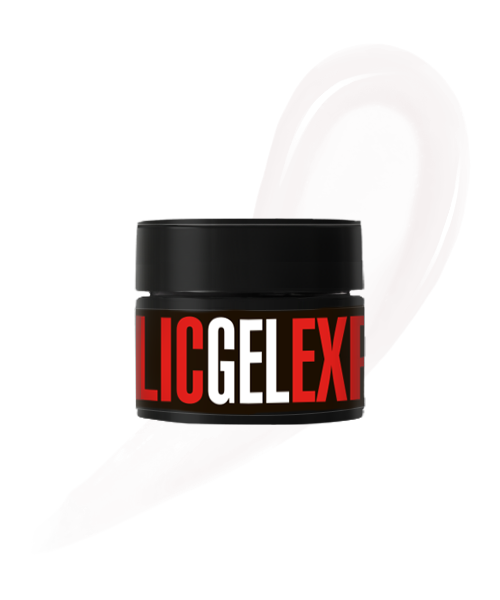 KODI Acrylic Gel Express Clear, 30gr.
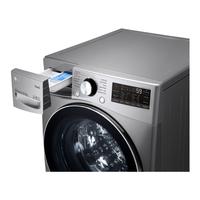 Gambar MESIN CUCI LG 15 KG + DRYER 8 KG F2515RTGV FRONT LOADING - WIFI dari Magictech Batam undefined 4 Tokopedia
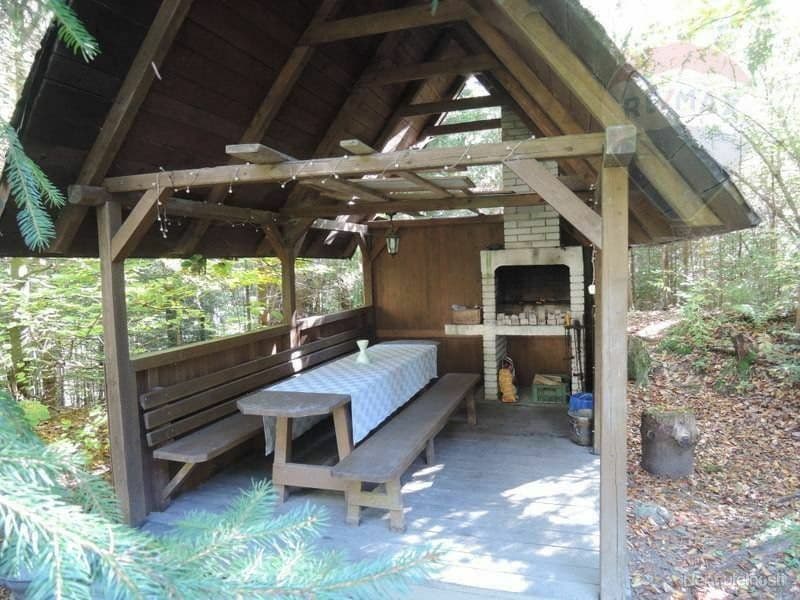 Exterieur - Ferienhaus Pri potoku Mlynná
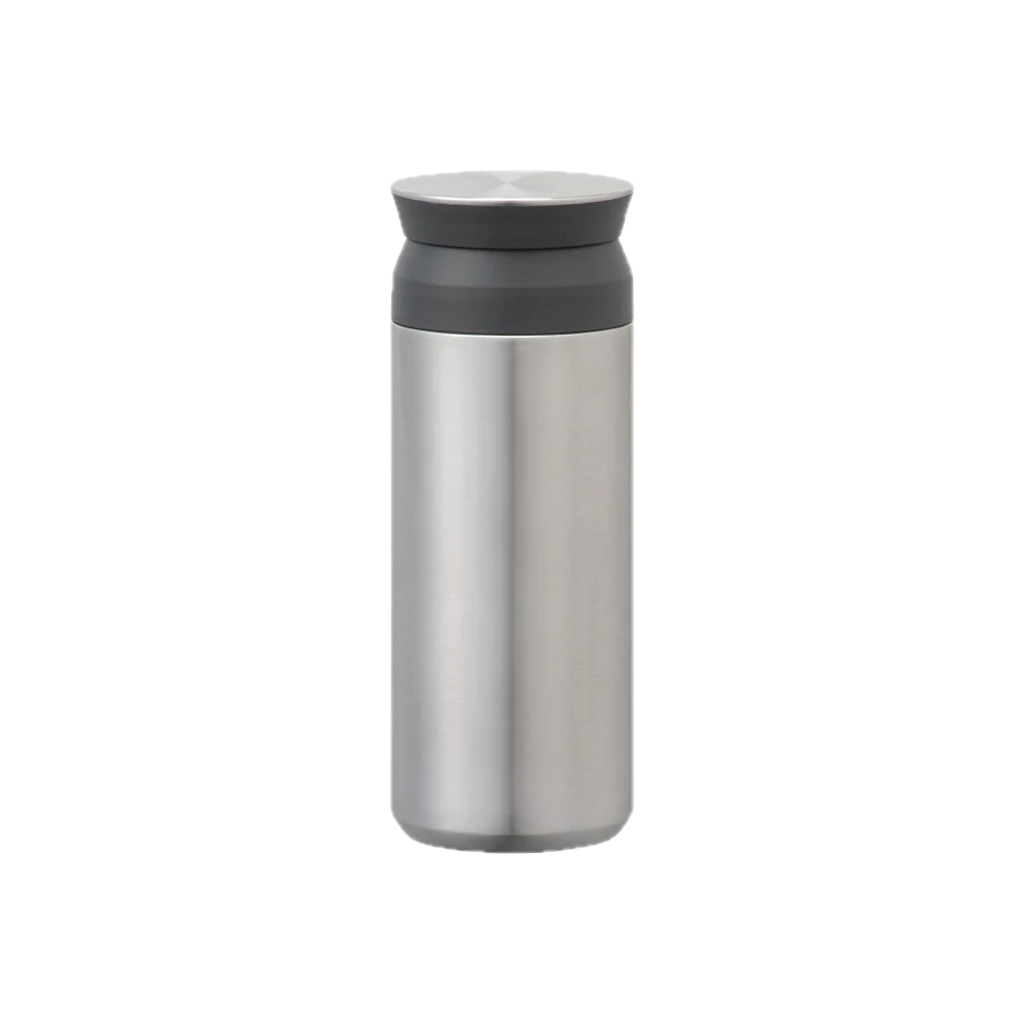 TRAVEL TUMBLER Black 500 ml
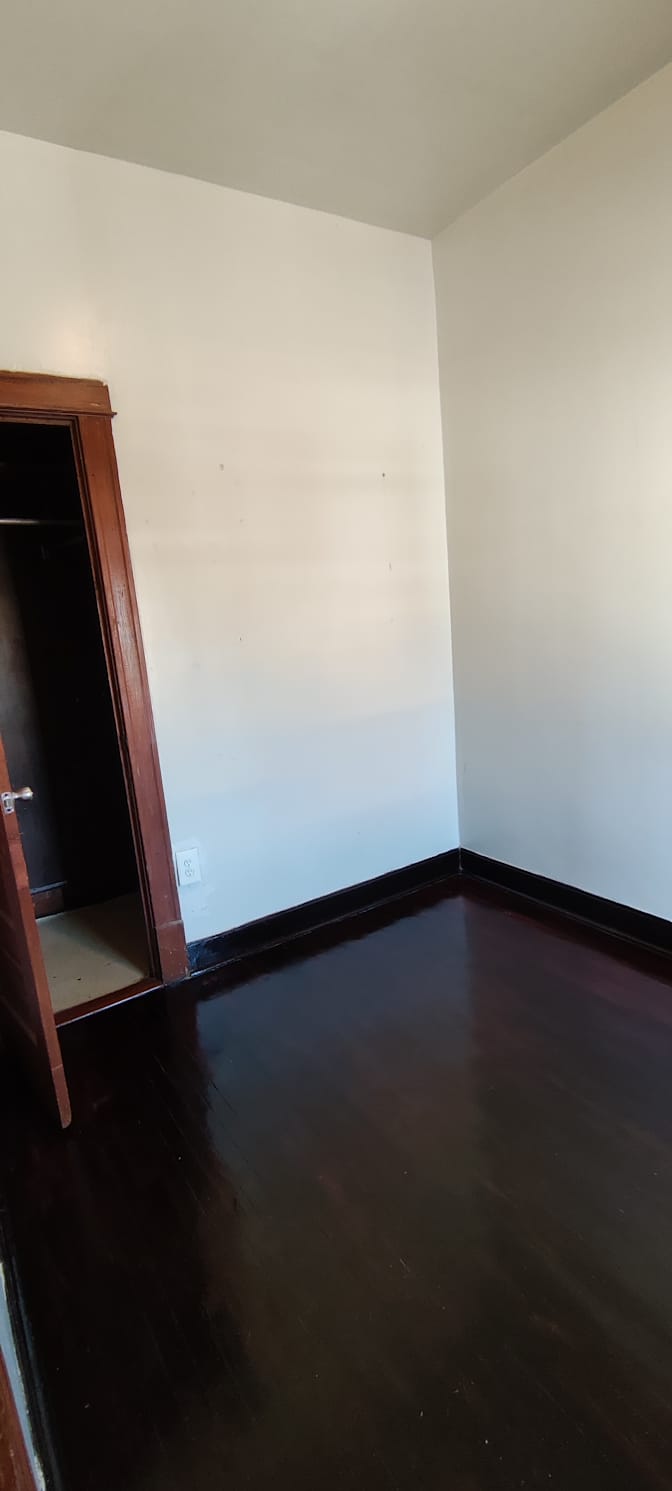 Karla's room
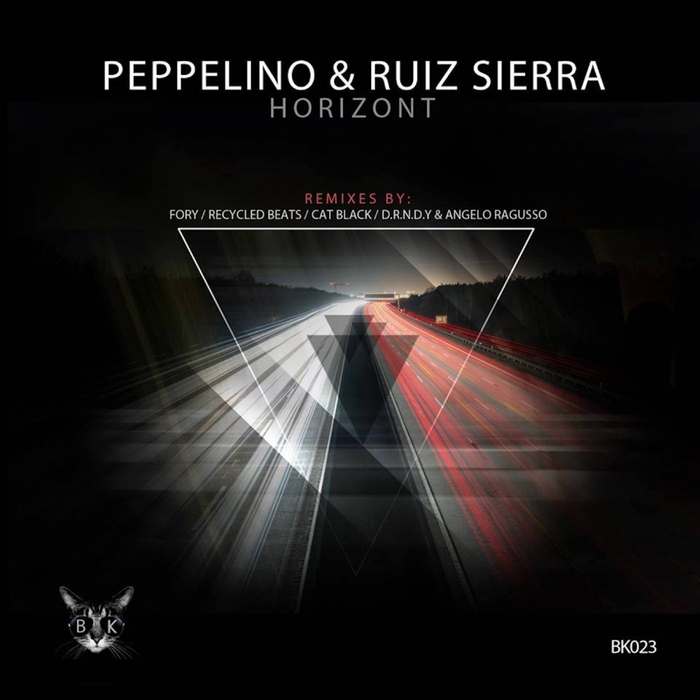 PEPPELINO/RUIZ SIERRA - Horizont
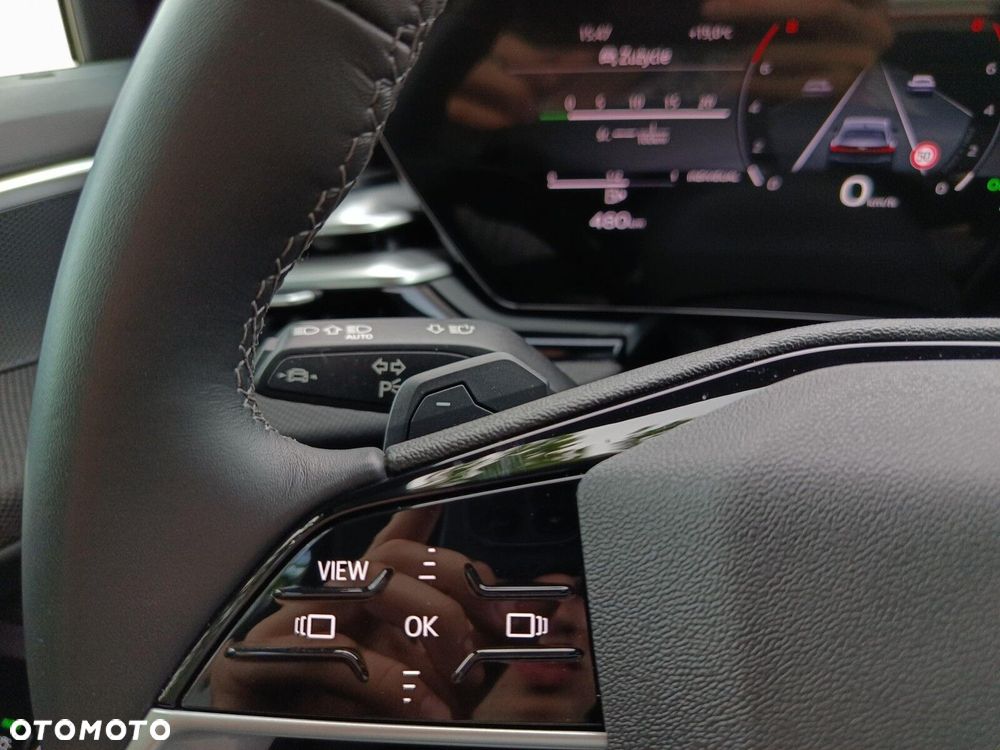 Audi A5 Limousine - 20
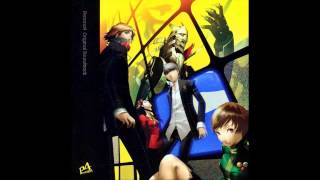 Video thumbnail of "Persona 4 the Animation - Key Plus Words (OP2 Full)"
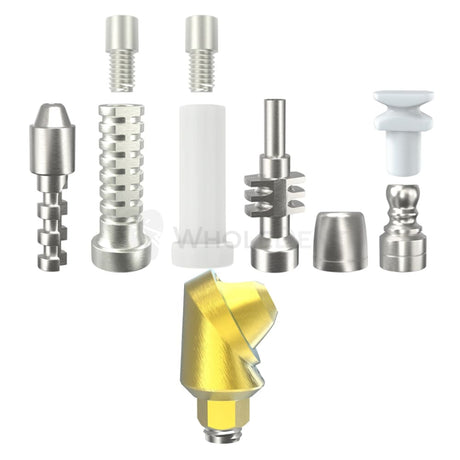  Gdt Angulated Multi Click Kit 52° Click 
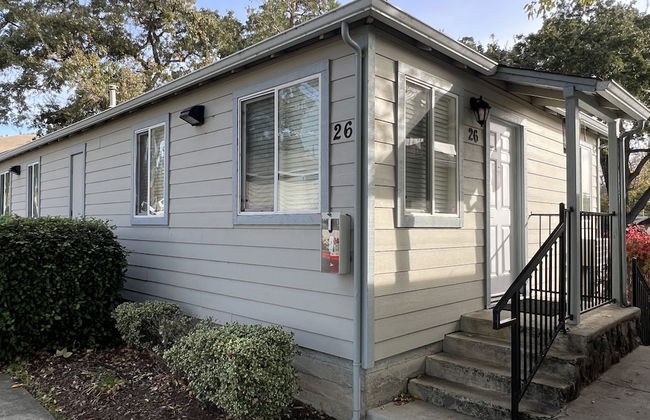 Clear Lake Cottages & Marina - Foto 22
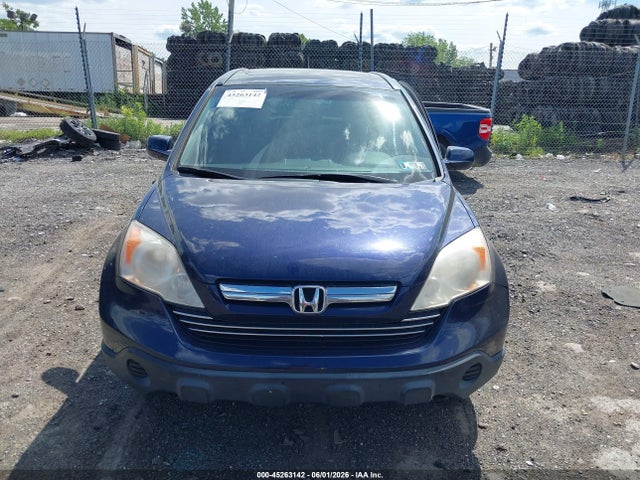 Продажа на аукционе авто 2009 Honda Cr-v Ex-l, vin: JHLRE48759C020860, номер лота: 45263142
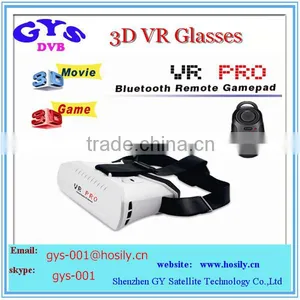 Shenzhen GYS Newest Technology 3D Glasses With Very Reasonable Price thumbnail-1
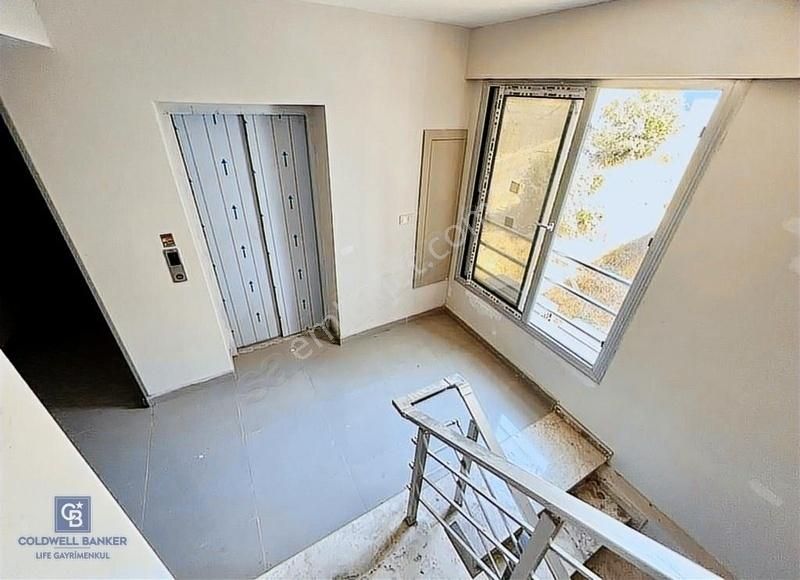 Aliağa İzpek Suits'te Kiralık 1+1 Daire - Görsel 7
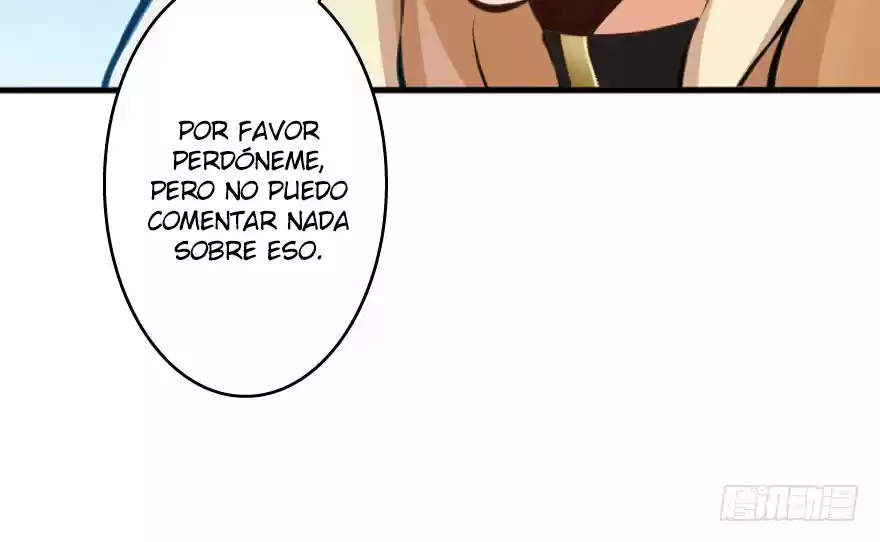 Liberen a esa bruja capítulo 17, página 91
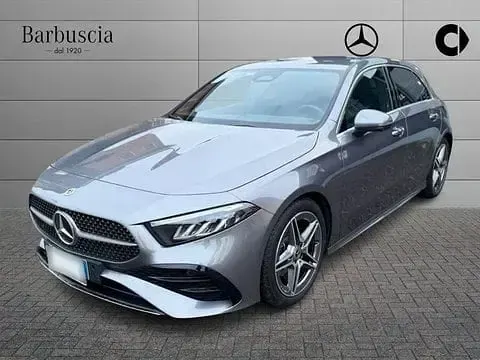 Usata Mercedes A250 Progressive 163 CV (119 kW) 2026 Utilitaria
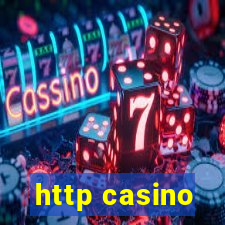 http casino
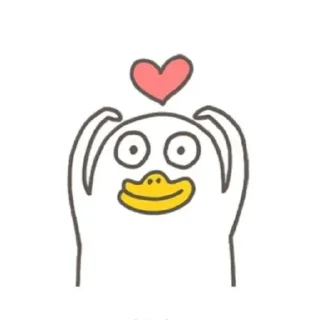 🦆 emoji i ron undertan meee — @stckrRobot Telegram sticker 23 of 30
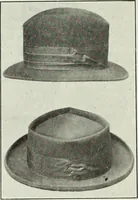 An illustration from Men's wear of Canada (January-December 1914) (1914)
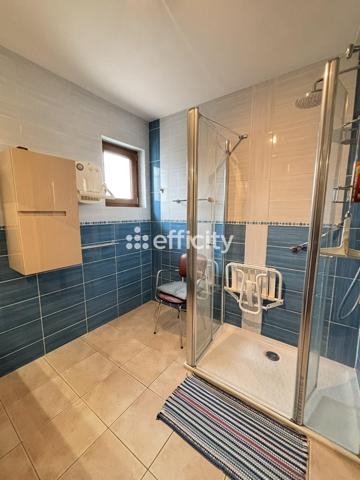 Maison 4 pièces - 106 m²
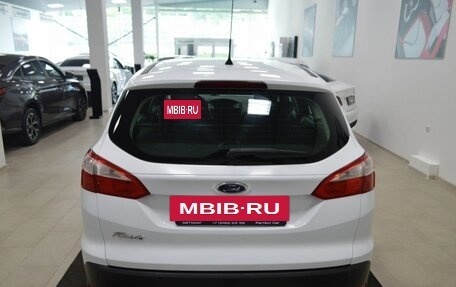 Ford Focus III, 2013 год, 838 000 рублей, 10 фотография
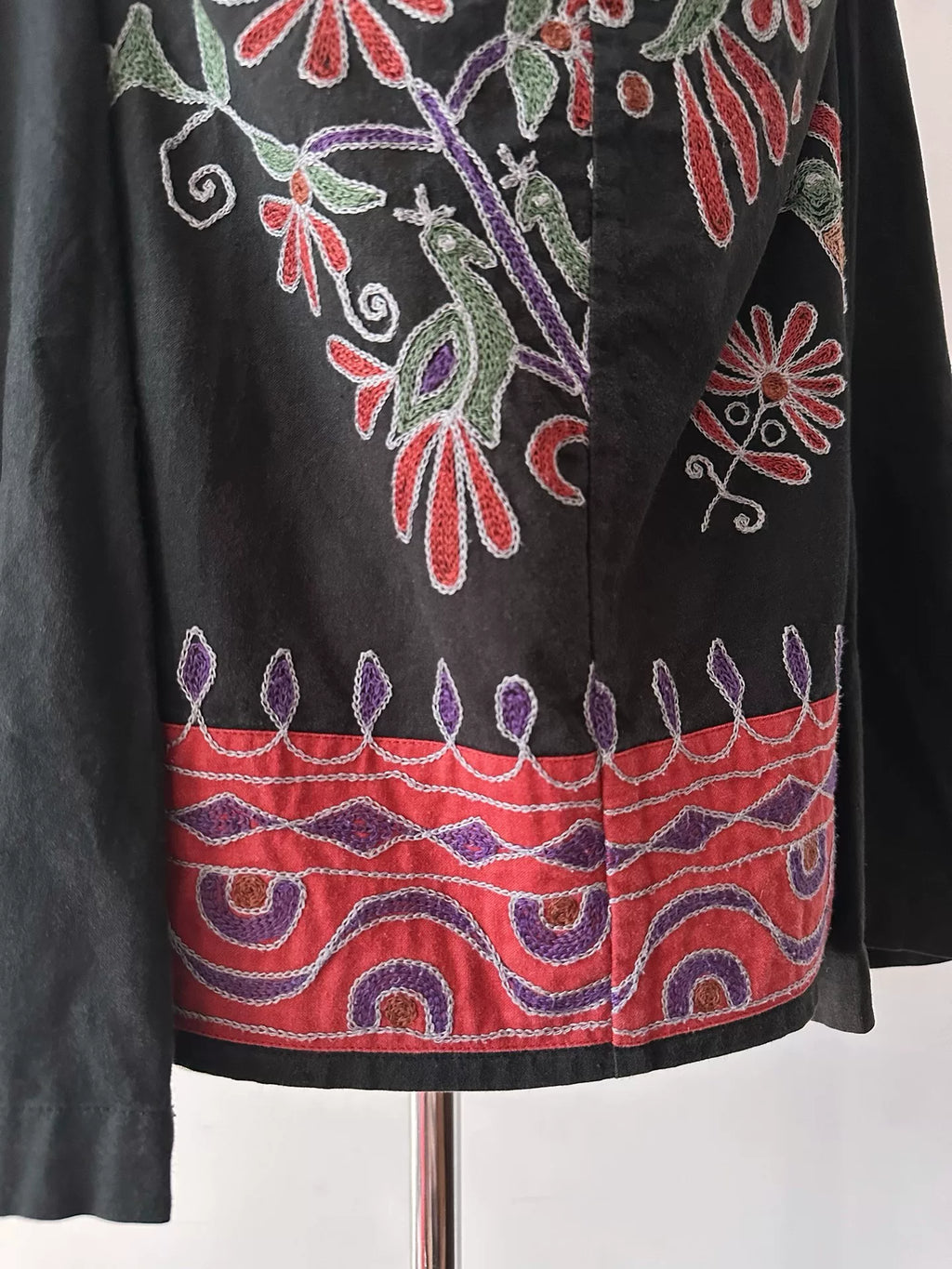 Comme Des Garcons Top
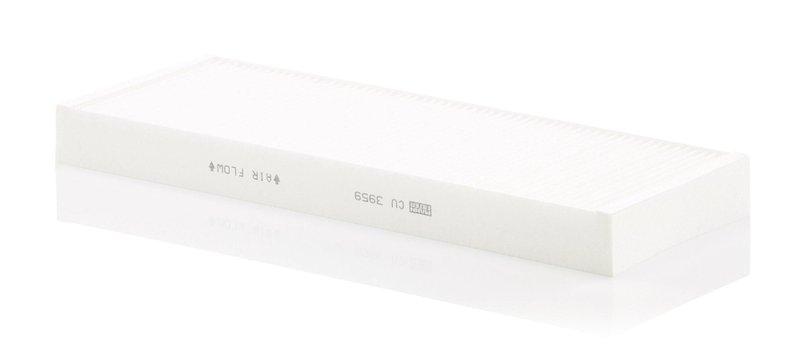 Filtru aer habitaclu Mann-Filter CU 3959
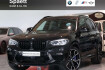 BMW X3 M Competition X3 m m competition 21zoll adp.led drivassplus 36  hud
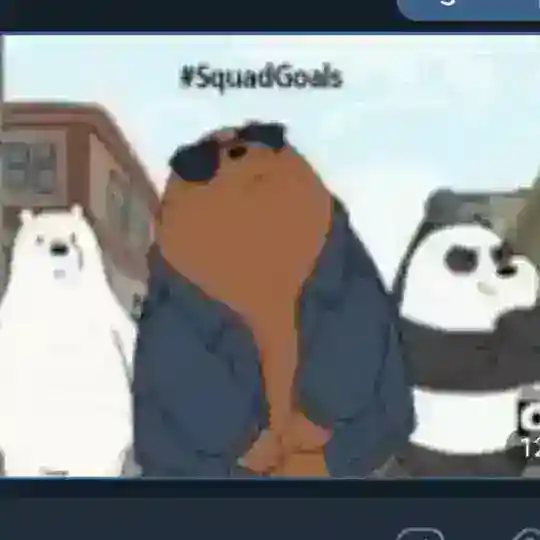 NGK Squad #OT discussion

☆ ☆ ☆ ☆ ☆

**TASK OBJECTIVE**
What is needed here is an exact copy of the lines from the line containing "Liberen a esa bruja capítulo 17, página 91" through the end of the records, with every picture left out.

**REPLY TO THE TASK**
 Liberen a esa bruja capítulo 17, página 91
 Usata Mercedes A250 Progressive 163 CV (119 kW) 2026 Utilitaria
 http casino
 🦆 emoji i ron undertan meee — @stckrRobot Telegram sticker 23 of 30
 An illustration from Men's wear of Canada (January-December 1914) (1914)
 Maison 4 pièces - 106 m²
 Ford Focus III, 2013 год, 838 000 рублей, 10 фотография
 Comme Des Garcons Top
 Filtru aer habitaclu Mann-Filter CU 3959
 BMW X3 M Competition X3 m m competition 21zoll adp.led drivassplus 36  hud
 NGK Squad #OT discussion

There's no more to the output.